▶ Required action: Reproduce only the top of the records, down to and including the line containing "Franco Harris Franco's Italian Army Shirt".

▶ Records for the task:
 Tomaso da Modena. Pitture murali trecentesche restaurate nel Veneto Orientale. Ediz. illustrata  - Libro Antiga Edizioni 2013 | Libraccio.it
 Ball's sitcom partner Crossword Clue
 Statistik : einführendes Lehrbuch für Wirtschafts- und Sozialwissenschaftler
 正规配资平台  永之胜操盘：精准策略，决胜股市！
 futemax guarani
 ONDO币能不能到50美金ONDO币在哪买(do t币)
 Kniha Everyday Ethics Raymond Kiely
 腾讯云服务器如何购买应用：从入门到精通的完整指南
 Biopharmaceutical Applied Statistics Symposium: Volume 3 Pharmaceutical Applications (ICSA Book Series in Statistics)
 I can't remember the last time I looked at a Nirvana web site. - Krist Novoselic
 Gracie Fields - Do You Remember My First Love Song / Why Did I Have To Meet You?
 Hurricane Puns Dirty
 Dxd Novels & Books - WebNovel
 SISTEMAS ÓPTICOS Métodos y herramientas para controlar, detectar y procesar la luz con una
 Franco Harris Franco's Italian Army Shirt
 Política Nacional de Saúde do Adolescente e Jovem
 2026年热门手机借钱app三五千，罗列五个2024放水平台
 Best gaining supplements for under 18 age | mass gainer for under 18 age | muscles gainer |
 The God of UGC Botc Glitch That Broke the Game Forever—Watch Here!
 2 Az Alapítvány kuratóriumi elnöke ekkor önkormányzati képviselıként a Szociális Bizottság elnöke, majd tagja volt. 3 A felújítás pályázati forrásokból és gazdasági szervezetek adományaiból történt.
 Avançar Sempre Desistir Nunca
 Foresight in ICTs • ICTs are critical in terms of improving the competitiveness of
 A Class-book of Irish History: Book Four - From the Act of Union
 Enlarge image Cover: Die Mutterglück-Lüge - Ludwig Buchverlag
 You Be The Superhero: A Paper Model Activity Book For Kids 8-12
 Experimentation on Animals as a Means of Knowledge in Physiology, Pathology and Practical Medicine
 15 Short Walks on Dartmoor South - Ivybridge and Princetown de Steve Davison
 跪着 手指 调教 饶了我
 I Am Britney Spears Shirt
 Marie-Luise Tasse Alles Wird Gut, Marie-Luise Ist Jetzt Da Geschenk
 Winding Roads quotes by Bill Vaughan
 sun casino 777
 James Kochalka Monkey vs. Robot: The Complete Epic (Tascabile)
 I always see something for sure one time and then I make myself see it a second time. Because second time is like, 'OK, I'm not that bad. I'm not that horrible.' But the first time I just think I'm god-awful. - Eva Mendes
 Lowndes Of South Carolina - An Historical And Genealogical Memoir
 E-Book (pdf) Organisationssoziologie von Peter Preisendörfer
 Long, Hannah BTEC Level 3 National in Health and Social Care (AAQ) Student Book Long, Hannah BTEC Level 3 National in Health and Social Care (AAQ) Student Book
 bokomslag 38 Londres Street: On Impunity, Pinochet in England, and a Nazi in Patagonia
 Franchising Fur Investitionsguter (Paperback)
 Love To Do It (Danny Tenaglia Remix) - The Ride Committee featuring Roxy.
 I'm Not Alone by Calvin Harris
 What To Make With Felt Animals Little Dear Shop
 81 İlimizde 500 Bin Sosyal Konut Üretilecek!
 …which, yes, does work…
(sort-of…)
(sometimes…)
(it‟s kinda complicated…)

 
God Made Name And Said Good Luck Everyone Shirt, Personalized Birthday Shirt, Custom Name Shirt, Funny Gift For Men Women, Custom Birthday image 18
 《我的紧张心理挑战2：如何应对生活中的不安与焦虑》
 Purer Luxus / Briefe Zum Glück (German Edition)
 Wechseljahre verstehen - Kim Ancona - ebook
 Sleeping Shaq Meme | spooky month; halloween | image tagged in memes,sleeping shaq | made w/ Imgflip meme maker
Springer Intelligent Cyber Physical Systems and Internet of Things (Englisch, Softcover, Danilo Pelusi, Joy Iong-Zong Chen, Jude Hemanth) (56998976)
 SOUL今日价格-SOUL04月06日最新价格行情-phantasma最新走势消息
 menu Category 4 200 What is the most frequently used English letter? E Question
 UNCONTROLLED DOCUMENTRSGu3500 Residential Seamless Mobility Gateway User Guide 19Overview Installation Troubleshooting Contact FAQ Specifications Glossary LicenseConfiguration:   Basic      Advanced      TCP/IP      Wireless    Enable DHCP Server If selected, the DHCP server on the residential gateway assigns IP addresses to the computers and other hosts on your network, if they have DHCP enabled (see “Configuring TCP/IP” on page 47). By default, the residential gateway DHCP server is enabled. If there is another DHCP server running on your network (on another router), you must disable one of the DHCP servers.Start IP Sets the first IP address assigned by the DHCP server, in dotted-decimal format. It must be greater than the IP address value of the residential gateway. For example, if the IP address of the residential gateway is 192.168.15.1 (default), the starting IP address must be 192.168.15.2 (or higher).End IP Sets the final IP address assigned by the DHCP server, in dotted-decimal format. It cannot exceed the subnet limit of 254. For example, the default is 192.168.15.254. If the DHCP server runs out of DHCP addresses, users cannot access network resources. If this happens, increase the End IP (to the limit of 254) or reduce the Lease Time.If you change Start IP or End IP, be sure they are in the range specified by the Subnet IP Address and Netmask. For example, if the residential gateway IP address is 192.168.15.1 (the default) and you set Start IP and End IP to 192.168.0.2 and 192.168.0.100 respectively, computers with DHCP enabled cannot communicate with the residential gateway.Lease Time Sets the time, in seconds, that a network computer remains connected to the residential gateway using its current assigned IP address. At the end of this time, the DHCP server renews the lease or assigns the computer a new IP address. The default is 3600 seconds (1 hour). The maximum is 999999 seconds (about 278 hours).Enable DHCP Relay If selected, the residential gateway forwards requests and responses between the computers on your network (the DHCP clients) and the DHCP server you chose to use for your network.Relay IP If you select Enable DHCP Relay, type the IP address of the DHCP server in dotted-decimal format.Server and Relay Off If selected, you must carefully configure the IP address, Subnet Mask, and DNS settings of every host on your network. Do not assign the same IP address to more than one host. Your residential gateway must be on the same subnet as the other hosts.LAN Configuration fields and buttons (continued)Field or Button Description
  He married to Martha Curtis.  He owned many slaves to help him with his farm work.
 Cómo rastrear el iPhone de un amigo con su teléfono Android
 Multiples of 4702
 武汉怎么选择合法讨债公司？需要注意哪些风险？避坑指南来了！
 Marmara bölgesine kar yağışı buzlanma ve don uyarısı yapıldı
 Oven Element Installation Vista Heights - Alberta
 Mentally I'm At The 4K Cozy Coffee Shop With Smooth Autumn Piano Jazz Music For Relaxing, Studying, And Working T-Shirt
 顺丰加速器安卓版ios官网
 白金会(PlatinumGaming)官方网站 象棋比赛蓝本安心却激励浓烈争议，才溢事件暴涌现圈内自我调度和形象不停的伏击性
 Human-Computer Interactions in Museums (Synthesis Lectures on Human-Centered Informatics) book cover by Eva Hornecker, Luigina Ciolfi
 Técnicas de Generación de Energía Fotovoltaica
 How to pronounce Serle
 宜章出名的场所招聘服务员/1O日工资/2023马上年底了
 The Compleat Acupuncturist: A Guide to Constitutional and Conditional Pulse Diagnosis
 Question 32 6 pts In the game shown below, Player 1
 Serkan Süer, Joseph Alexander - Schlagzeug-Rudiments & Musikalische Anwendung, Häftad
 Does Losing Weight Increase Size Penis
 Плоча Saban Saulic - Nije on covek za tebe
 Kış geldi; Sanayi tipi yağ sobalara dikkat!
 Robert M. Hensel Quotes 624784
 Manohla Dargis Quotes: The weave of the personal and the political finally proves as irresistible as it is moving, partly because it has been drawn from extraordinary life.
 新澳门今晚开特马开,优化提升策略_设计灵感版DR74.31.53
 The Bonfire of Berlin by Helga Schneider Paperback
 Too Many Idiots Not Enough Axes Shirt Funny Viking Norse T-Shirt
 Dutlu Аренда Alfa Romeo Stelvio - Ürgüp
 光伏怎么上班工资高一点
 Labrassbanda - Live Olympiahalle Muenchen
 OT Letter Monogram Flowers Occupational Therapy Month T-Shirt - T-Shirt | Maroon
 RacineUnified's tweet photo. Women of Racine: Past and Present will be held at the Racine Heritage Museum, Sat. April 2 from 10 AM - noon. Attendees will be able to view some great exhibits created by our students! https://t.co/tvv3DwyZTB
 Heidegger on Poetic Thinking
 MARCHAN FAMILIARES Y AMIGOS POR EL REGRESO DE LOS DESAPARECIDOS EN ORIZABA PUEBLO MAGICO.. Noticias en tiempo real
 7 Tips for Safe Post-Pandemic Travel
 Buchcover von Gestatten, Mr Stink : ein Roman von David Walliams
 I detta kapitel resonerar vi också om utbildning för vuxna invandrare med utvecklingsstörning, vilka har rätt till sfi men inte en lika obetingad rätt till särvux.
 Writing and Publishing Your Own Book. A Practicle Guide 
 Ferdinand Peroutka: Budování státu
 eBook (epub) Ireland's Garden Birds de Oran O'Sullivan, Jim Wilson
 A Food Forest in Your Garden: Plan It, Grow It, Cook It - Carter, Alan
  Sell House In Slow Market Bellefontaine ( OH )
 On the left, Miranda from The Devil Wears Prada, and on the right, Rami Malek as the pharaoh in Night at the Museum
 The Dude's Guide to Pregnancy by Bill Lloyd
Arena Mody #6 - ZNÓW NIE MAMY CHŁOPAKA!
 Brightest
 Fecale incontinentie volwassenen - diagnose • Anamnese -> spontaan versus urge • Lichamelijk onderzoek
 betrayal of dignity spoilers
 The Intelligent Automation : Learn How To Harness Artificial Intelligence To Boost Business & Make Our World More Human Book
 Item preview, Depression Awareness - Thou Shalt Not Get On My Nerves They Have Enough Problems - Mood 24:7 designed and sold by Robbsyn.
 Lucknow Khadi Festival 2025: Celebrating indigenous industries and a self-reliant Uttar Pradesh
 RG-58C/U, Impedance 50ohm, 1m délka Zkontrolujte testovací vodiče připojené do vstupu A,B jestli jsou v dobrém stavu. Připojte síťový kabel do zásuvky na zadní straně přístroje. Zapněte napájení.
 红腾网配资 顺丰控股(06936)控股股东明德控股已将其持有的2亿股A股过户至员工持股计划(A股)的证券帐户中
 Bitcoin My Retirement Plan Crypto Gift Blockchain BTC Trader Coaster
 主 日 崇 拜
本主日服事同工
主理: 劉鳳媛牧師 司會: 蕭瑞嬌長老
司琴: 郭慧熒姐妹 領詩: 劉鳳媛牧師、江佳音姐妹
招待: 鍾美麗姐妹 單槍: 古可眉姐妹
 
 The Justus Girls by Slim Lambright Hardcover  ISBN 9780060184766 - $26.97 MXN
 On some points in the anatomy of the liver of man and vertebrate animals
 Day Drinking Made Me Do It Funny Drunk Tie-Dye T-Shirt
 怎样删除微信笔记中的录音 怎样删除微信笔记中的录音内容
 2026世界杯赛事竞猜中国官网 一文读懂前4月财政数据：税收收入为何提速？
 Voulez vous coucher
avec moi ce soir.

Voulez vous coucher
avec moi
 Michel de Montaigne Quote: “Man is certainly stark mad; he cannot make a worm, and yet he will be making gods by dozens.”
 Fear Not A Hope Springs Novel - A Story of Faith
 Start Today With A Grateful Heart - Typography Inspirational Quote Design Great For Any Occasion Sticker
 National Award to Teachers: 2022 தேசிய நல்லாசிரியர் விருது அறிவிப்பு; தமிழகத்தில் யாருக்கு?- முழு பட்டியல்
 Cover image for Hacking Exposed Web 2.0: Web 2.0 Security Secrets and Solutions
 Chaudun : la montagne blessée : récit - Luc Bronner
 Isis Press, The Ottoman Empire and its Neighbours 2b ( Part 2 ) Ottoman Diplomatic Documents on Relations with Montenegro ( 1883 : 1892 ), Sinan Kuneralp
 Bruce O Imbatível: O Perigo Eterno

▶ Solution for this problem:
 Tomaso da Modena. Pitture murali trecentesche restaurate nel Veneto Orientale. Ediz. illustrata  - Libro Antiga Edizioni 2013 | Libraccio.it
 Ball's sitcom partner Crossword Clue
 Statistik : einführendes Lehrbuch für Wirtschafts- und Sozialwissenschaftler
 正规配资平台  永之胜操盘：精准策略，决胜股市！
 futemax guarani
 ONDO币能不能到50美金ONDO币在哪买(do t币)
 Kniha Everyday Ethics Raymond Kiely
 腾讯云服务器如何购买应用：从入门到精通的完整指南
 Biopharmaceutical Applied Statistics Symposium: Volume 3 Pharmaceutical Applications (ICSA Book Series in Statistics)
 I can't remember the last time I looked at a Nirvana web site. - Krist Novoselic
 Gracie Fields - Do You Remember My First Love Song / Why Did I Have To Meet You?
 Hurricane Puns Dirty
 Dxd Novels & Books - WebNovel
 SISTEMAS ÓPTICOS Métodos y herramientas para controlar, detectar y procesar la luz con una
 Franco Harris Franco's Italian Army Shirt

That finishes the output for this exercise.